### Exercise aim
Identify each line in the records below that contains the word "Shoulder", and copy it.

### Data to use
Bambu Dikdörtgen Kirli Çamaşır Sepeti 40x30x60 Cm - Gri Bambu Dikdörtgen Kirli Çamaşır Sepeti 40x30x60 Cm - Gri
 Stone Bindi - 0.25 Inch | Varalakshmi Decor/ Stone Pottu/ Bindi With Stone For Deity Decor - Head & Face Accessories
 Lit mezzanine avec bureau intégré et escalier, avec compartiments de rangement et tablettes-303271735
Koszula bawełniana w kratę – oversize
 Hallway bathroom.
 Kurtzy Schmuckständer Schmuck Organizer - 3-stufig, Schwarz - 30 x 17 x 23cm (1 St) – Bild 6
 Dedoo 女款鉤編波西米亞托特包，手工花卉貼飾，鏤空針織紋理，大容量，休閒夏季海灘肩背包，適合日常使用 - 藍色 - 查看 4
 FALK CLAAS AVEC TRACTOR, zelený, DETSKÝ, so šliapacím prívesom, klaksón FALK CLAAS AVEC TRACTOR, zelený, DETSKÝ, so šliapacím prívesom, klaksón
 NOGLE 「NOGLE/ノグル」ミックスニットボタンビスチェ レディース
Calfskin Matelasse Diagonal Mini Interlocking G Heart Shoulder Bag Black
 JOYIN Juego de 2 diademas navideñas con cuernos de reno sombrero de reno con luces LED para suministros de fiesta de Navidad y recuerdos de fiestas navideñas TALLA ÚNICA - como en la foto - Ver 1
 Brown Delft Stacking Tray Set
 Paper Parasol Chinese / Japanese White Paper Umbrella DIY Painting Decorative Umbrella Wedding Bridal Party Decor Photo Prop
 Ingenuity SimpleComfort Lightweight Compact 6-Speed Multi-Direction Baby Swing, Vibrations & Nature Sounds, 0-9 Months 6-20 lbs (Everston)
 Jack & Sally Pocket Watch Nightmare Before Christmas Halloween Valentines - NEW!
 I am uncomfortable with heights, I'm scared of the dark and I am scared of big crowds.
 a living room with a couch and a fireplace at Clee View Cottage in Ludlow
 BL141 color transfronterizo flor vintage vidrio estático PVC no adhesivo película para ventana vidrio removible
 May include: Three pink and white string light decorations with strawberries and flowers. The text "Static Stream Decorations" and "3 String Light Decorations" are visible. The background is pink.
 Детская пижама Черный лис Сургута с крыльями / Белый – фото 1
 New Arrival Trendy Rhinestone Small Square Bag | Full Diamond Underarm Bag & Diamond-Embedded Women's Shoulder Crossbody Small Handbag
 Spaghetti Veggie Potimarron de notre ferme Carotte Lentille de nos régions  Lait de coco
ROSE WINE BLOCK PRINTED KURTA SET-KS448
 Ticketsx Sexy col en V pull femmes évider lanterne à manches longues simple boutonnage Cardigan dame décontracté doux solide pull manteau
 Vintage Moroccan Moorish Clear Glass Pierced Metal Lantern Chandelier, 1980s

### Output for this exercise
Calfskin Matelasse Diagonal Mini Interlocking G Heart Shoulder Bag Black
 New Arrival Trendy Rhinestone Small Square Bag | Full Diamond Underarm Bag & Diamond-Embedded Women's Shoulder Crossbody Small Handbag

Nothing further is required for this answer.